Money is essential to running a business, but it’s also something many small business owners don’t have. Fortunately, there are ways to get cash for your new company and start the growth process. You can look into getting funding from investors or seek out loans from banks and other institutions. If you need some extra cash to start up your small business, consider these options:
Choose Your Financial Advisors
After you’ve done the work to find your investor and negotiated a deal, you’ll need to make sure you have the right team in place to help you close the round. When choosing financial advisors, it’s essential to consider their experience with your type of funding and whether they will be good partners for your company.
As with any professional relationship, both parties must be comfortable working together. In addition to assessing their experience level, ask yourself if they seem like someone who will work well with you on an ongoing basis.
Do they share similar values? Are they easy-going? Will they get along with your team?
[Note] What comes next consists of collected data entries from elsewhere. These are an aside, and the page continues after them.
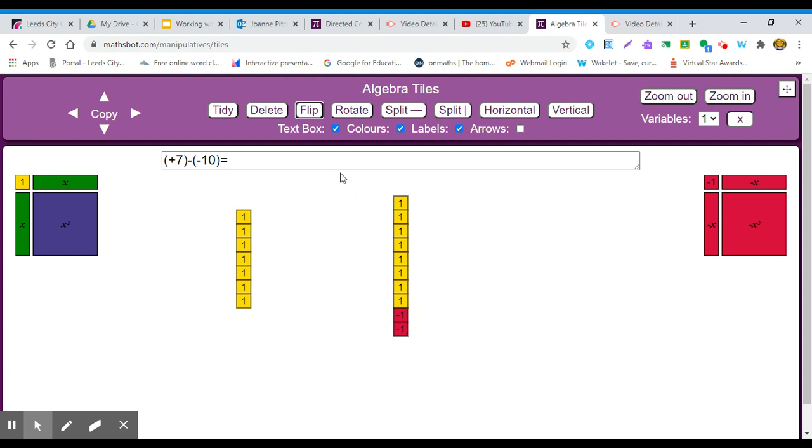And so I will have, it will appear like a new calculation here, plus 7, plus 10.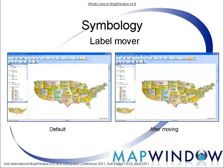It's a bit hard to see, but if you look at the left, the state Wisconsin isn't labeled because collision avoidance is enabled. In this image I've moved the labels around Wisconsin a little bit, and now the label for Wisconsin is shown.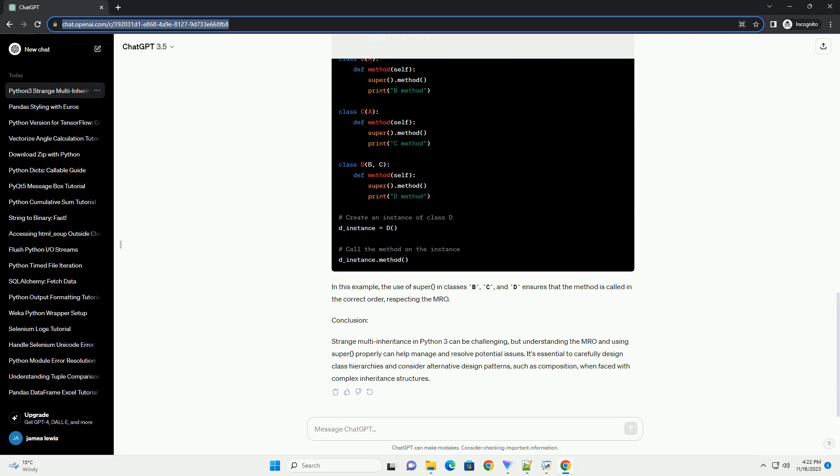Handling Strange Multi-Inheritance. To manage strange multi-inheritance, it's essential to be aware of the MRO and use super appropriately. The super function allows calling methods from the parent classes in a way that respects the MRO. Let's modify our example to demonstrate the use of super. In this example, the use of super in classes B, C, and D ensures that the method is called in the correct order, respecting the MRO.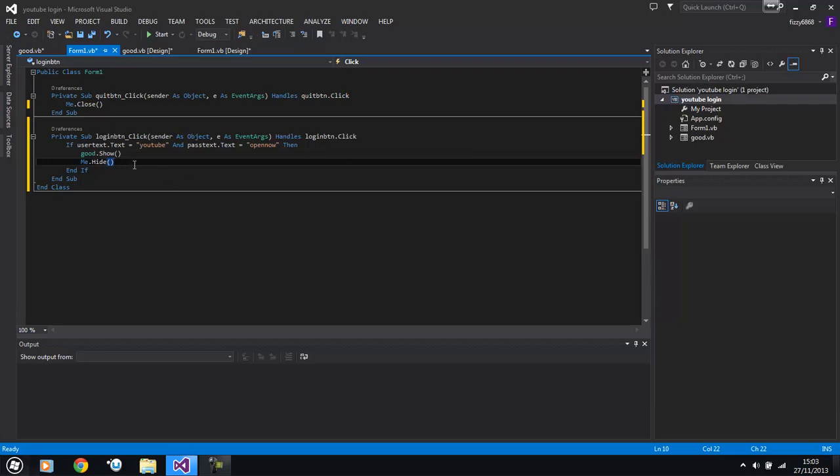There we go so what this is going to do now is just going to check the username and password there and if they're correct then it's gonna show good and then hide me.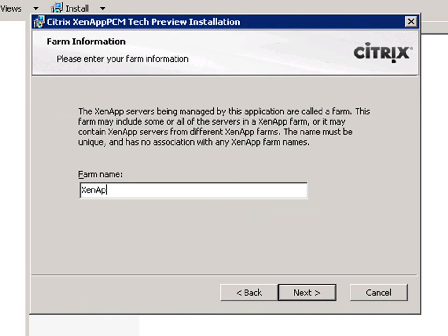We'll need to enter a unique farm name. This isn't a XenApp farm name, but just a namespace that's used to determine which XenApp servers are managed by which concentrator. Let's use XenApp PCM for our demonstration.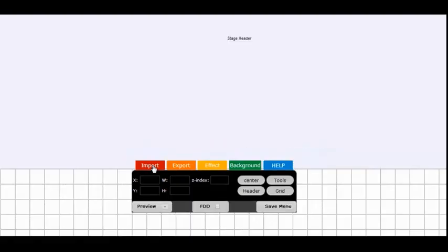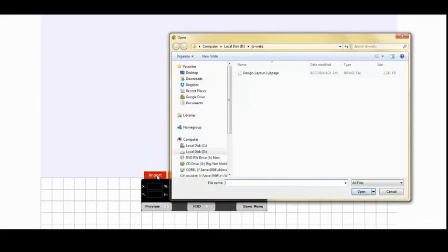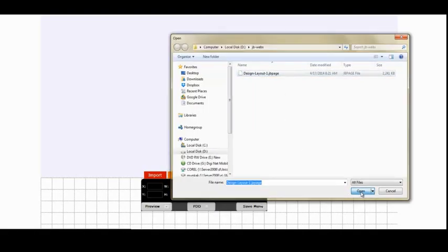Step 2: Click p-win, import, read dialog. Step 3: Browse your hard disk to find the file design-layout-1.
If these qualities are vital for you personally (as well as professionally), then finding a potential partner should be an enjoyable process rather than a stressful one.
Understand the Basic Types of Investors
Understanding the basic types of investors and how you might approach them is essential.
Venture Capital Firms
Venture capital firms are generally looking for startups that have already reached some degree of success and are looking for funding to take their company or product to the next level.
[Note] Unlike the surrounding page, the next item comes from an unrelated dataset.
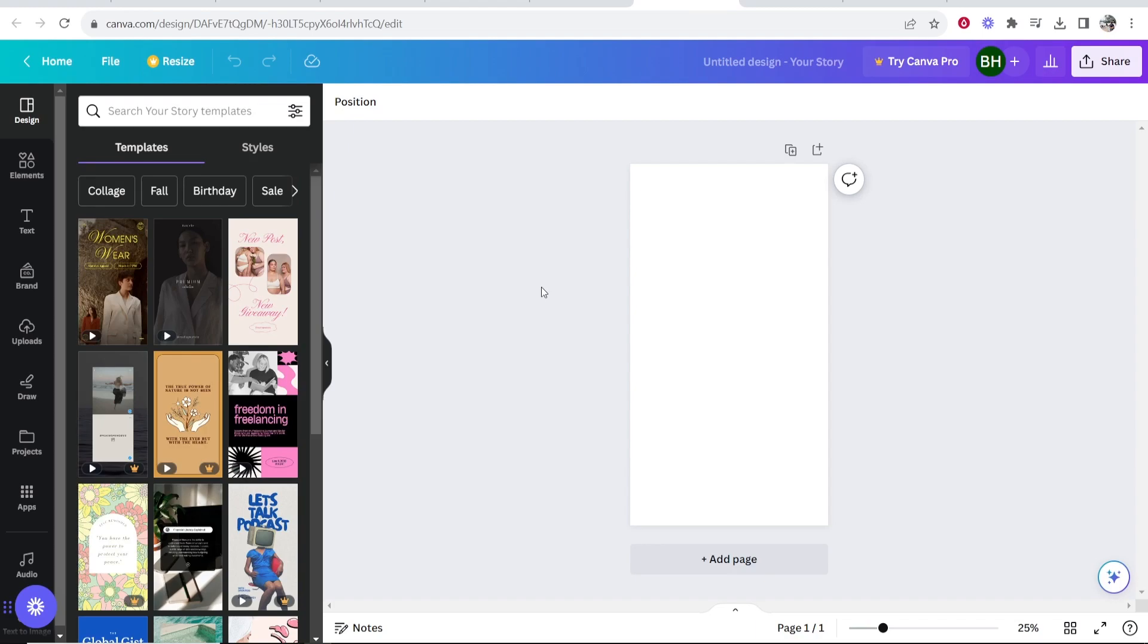In this video I'm going to show you how you can add a white outline to your image in Canva. This is very easy so let me show you what you need to do.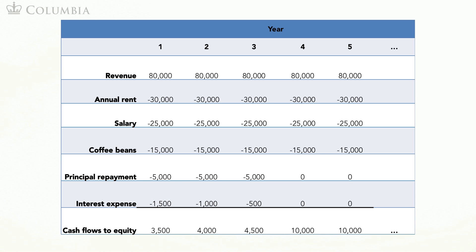The situation in year two is similar, except that the interest is lower as the balance on the debt in year two is only $10,000. Recall that you pay $5,000 of the principal at the end of year one. Therefore, the interest is 10% of $10,000, or $1,000. In year two, therefore, equity holders receive $4,000.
They’re usually willing to wait longer than other investors before seeing a return on their investment, but they’ll also demand a larger share of equity in your company. If you’re considering venture capitalists as potential investors, it’s best not to count on them as one of your primary funding sources.
Private Equity Firms
Private equity firms are similar to venture capitalists (e.g., they often look for later-stage companies). Still, they tend to invest small amounts per investment to make more investments overall. Upwards of thousands instead of hundreds or even millions like VCs will do—and they’re also less likely than VCs are willing to get involved until after an initial public offering (IPO). Because private equity firms typically focus on buying businesses from their owners or merging them with other companies.
Know How Much to Ask For
How much money do you need?
When starting a company, it is essential to understand how much money will be required for your business. Depending on your business type and how much funding it takes to get started, the amount of money needed can vary widely. It all depends on where you are in the startup process and if your idea has a proven track record or not.
How much money can you raise?
Before attempting to raise funds for your new company, research what types of investors would be interested in investing in your company and how much they typically invest in ventures like yours.
Amounts spent per employee?
Use this number when calculating how many employees should be hired based on projected sales levels over time (monthly).
Choose the Correct Type of Funding for You
When raising money for your business, it’s essential to understand the difference between debt and equity financing. Debt financing involves taking out loans from banks and other lenders. Equity financing is when you sell a stake in your company to investors.
You will want to decide if you wish to take on debt or get into general partner private equity financing, based on what type of investor you need, how much money you are looking for, and how much control over your company they will have as they invest their time and money into its growth.
The pros of taking on debt include:
- It’s easier than getting an investment banker involved in your fundraising efforts; therefore, it’s cheaper.
- You can get funding faster by calling a bank rather than waiting months while writing term papers on why investors should invest money into your business idea.
Conclusion
Raising capital is an art and one that you should take seriously. If you don’t know what you’re doing, your company could end up in serious trouble down the line. That’s why it’s important to know what funding sources are available before trying anything new.